Sunil Godhwani, who oversaw the growth of Religare Enterprises from a small non-banking finance company, quit its board on Wednesday amid deepening troubles for the financial services major. Godhwani is the fourth director to quit in the past few months.
The resignation comes at a time when the company's fundraising plans and proposed related party transactions are under scrutiny from lenders and proxy advisory firms.
In April, Monish Kant Dutt, a nominee of IFC, resigned from the Religare Board. Dutt's resignation came less than two weeks after Ravi Mehrotra, a non-executive director, stepped down from the company’s board. Following this, the company postponed its FY17 results and eventually released it with the qualified opinion of auditors.

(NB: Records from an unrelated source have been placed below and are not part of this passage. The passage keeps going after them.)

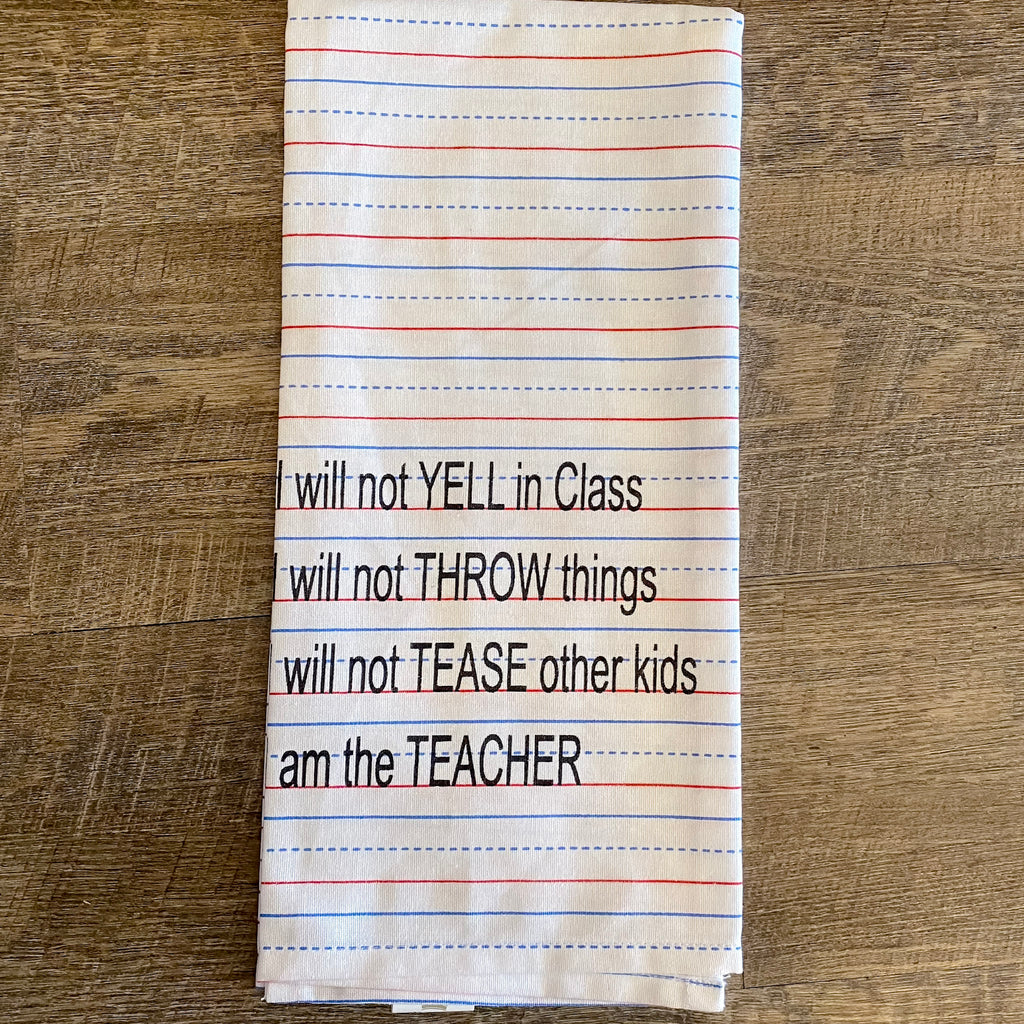 I Am The Teacher Hand Towel - Lyla's: Clothing, Decor & More - Plano Boutique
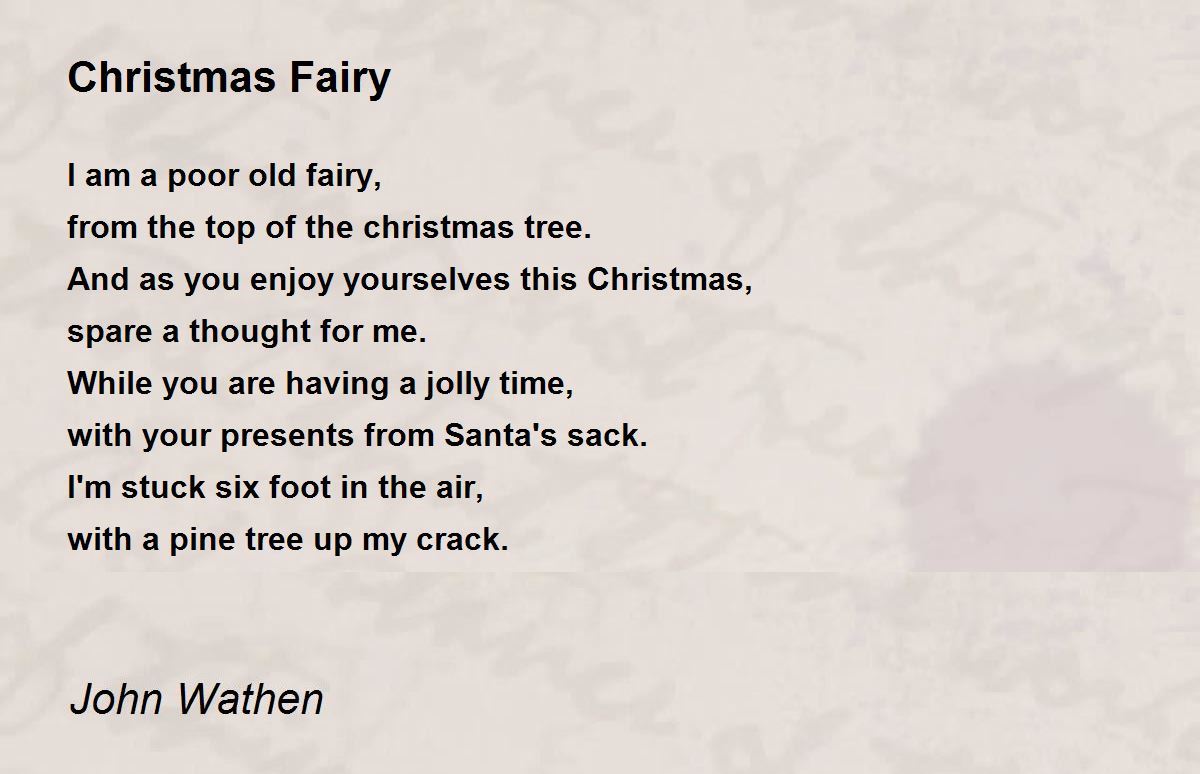 Christmas Fairy Poem by John Wathen Poem Hunter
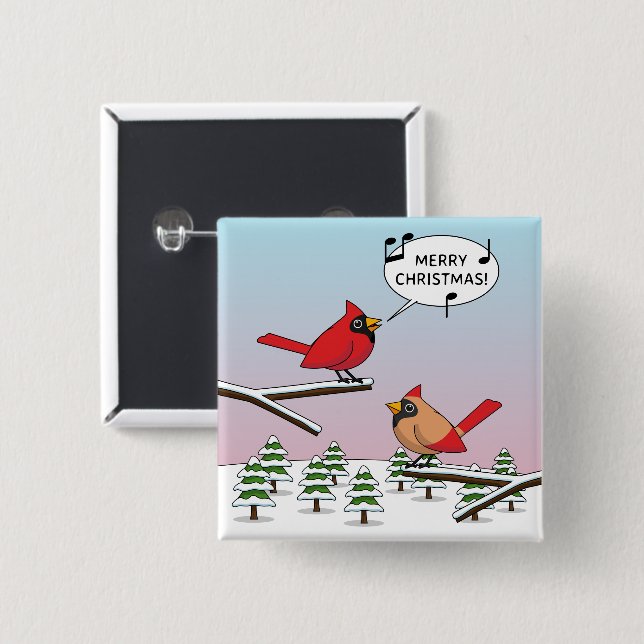 Cute Red Cardinal Singing Merry Christmas 2 Inch Square Button (Front & Back)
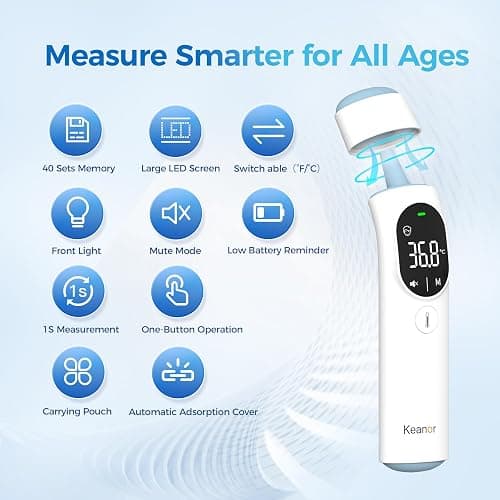 Thermometer Forehead and Ear Thermometer Digital Infrared Thermometer Baby Thermometer Accurate 1s Measure 40 Set Memory Mute Mode LED Screen for Adults Kids Fever Alarm with Storage Bag thumbnail 6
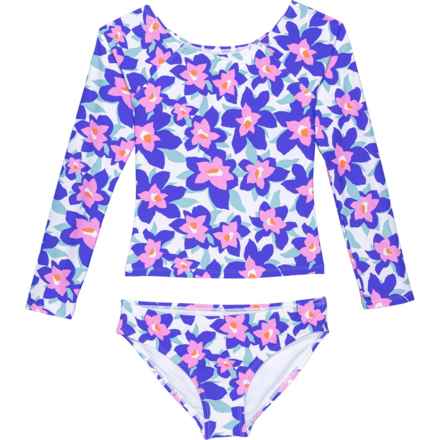 Raisins Big Girls Honey Rash Guard and Bikini Bottoms Set - UPF 50, Long Sleeve in Multi
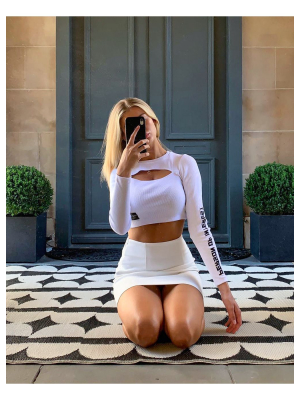 The Couture Club Cut Out Long Sleeve Crop In White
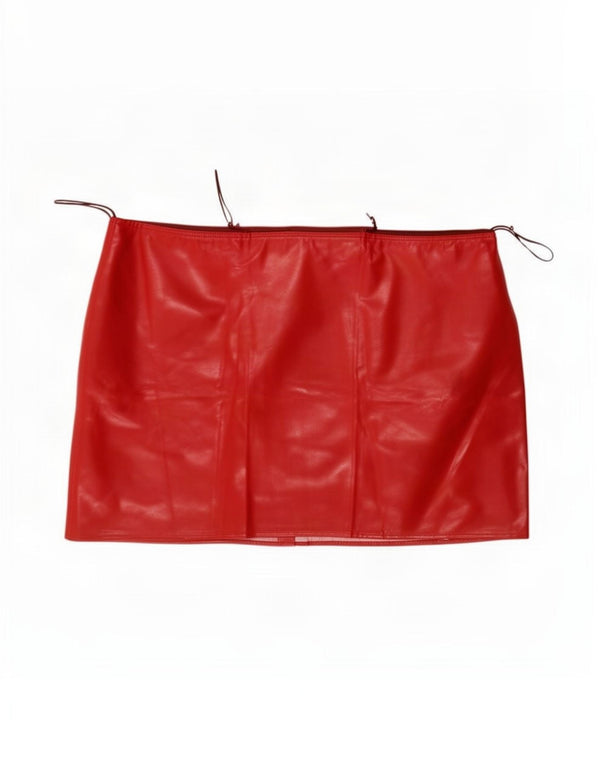 Max & Co. Minifalda de piel sintética para mujer UK 10 Small W30 Poliéster rojo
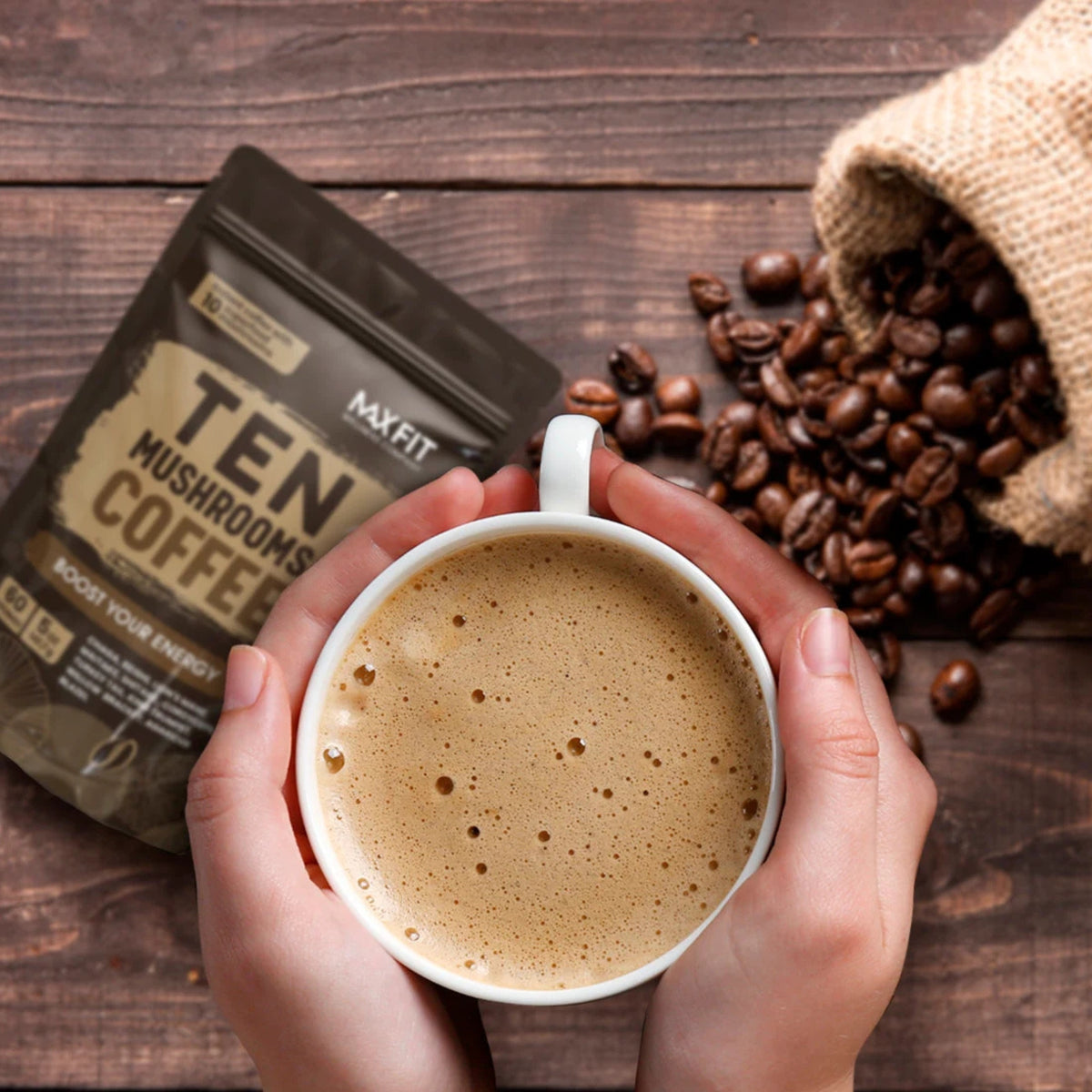 MAX FIT Ten Mushrooms Coffee - Instant Coffee with 10 Superfood Mushrooms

The auditors were concerned over regulatory scrutiny over loans given to group entities by the lending subsidiary Religare Finvest. This further led to rating firms downgrading the papers of the company and its subsidiaries.
On July 28, another non-executive director Sangeeta Talwar quit. But Godhwani's exit assumes significance considering the key role he had played in the growth of the company and the close relationship he enjoyed with the firm’s promoters-- Malvinder Mohan Singh and Shivinder Mohan Singh.
Handpicked by promoters around 13 years ago, the brothers had asked Godhwani to take charge of their non-banking finance company called Fortis. The Godhwanis, who were into the business of leather accessories, were known to the Singhs for at least two generations- hence the offer.
Godhwani turned the tiny Fortis into a sprawling empire under Religare, with interests across various financial services verticals. He had also overseen a popular IPO in November 2007. The shares which were offered for Rs 185 in the IPO had listed at 75 premium and had shot up to Rs 500 levels, before the market crashed in early 2008.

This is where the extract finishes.